Quand on est pauvre et que notre quotidien ressemble à la misère. Quand notre vie ressemble à un champ de ruines. Et quand notre cœur n’est plus qu’un immonde marécage grouillant de vers. Que nous reste-t-il ? Rien, si ce n’est ce que nous avons dans notre esprit. L’art des pauvres, savoir vivre sans en avoir la force ou l’envie, s’appuie sur le football.

Rime riche

Le football n’est pas du même monde que nous. Ce sont des joueurs que l’on pourrait avoir comme ami sur le terrain, mais pourtant, c’est un monde complètement différent. Un peu comme un petit village du sud-ouest de la France, où l’un des membres d’une bande d’amis va à Paris faire des études pendant que les autres travaillent dans l’exploitation familiale.  Quand il revient chez ses amis, il semble s’être creusée une distance,. Un fossé les sépare, et il n’est pas que géographique. Un peu comme si l’on comptait parmi ses amis une futur star du football français. Entre une vie tranquille et un changement radical. Y-a-t-il une option préférable à une autre ? Répondre oui serait un manque de respect évident pour ceux qui font ces choix.

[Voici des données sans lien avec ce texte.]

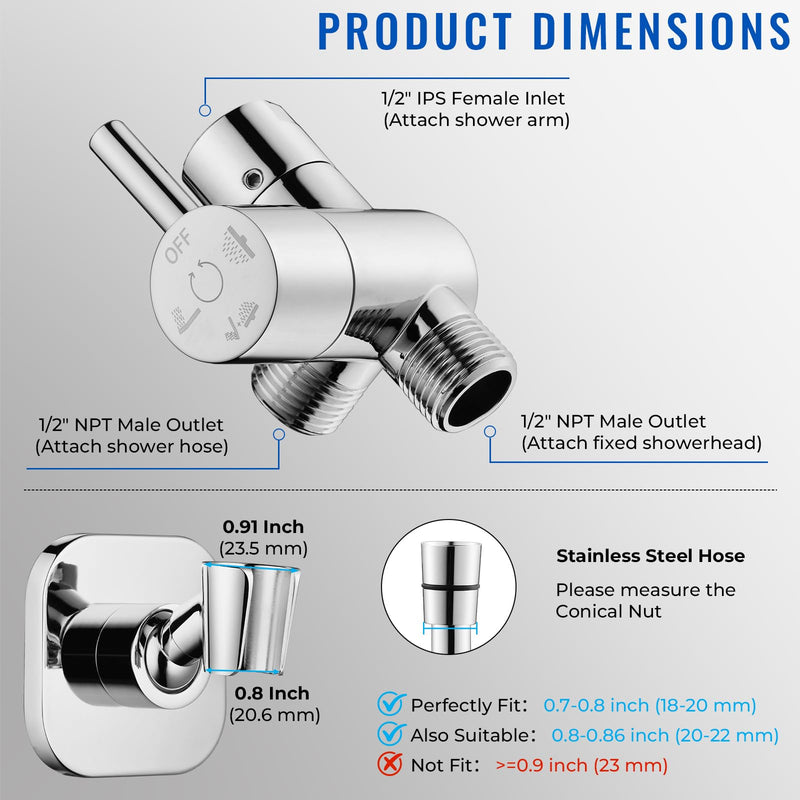 G-Promise All Metal High Flow Shower Diverter Valve with Adjustable Shower Head Holder, Universal 3-Way Splitter with Pause Mode for Handheld and Fixed Spray Head Adapter Replacement (Chrome) Chrome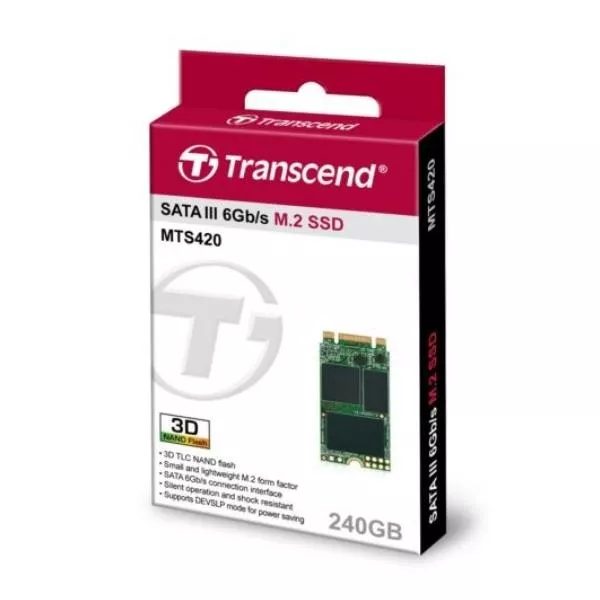 M.2 SATA SSD  240GB Transcend "TS240GMTS420S" [42mm, R/W:560/500MB/s, 65K/85K IOPS, SM2258, 3D TLC]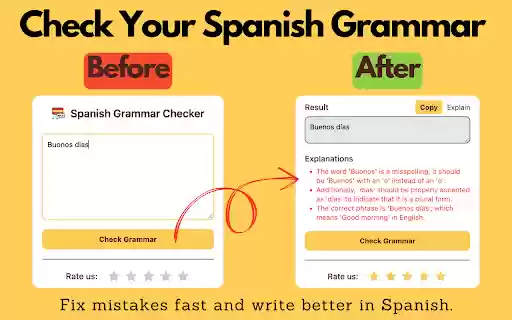 Spanish Grammar Checker  from Chrome web store to be run with OffiDocs Chromium online
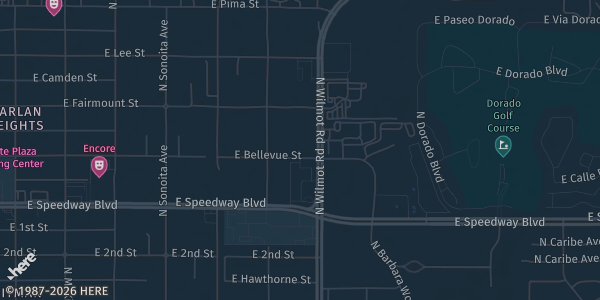 Map showing Tucson Womans Club in Tucson, AZ.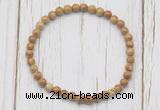 CGB7273 4mm tiny wooden jasper beaded meditation yoga bracelets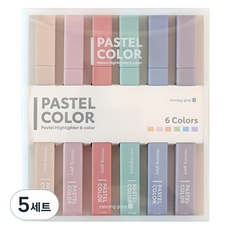 morning glory 柔和螢光筆 6色組, 混合顏色, 5個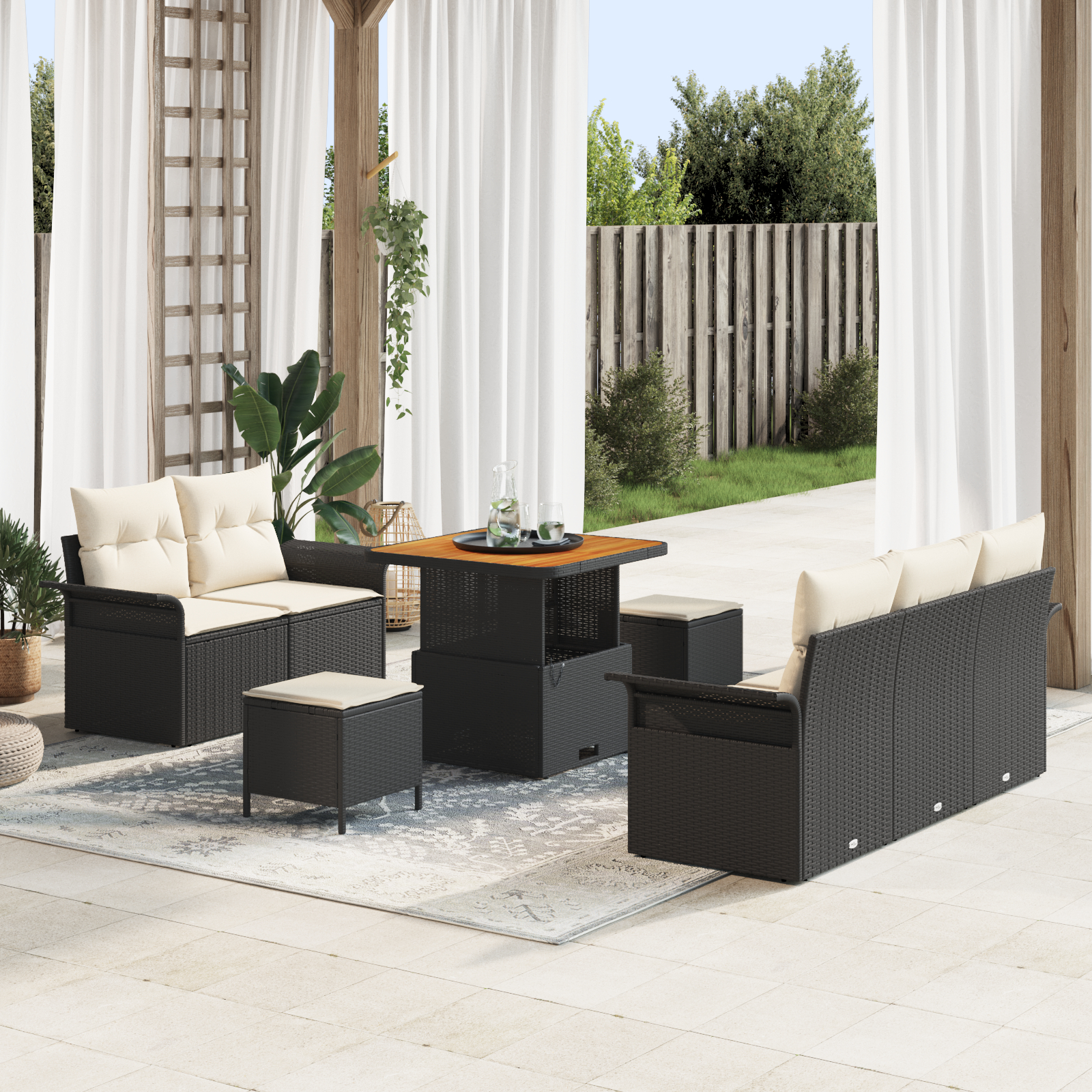 Canapele de exterior - Set de Sofa de Grădină  cu 8 Piese cu Perne Negru Poli Ratan Acacia, Sofa de Grădină  cu 2 Locuri cu Perne Negru Poli Ratan, Set de Dining de Grădină  cu 3 Piese cu Perne Negru Poli Ratan Acacia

Entre une individualité et un collectif, le choix le plus simple à court terme n’est pas forcément le plus payant à long terme. Tout est une question de tempo. Préfère-t-on faire les efforts aujourd’hui et profiter demain sans certitude, ou bien vivre dans le bonheur du jour présent en sachant que cela ne pourra durer éternellement. Les priorités ne sont pas les mêmes, les opportunités vont peu à peu diverger. Bientôt, cela ne sera plus la même époque, les mêmes chaises, les mêmes bancs. L’un sur son tracteur, l’un en bas d’un hall, l’un au barreau de la capitale et le dernier diffusé sur toutes les chaînes télévisuelles du monde entier.

Peurs agitées

Il n’y a pas d’amour sans preuve d’amour. Mais la plus belle preuve d’amour, c’est de ne pas avoir besoin de preuves d’amour. Aimer sans conditions, c’est un peu cela aussi, l’art des pauvres. Un art si particulier. Aimer le football sans lendemain. Aimer son équipe sans être obligé de dépenser des centaines d’euros pour des maillots, des shorts, des ballons, des abonnements au stade ou à la télévision. Oui, aimer sans argent, c’est la manière la plus complexe d’aimer. Parce que quand on ne peut pas emmener sa fiancée au restaurant pour la St.-Valentin, quand on ne peut pas payer à son fils la paire de jeans dont il rêve, quand on ne peut pas offrir à sa mère ce qui la soulagerait, on souffre.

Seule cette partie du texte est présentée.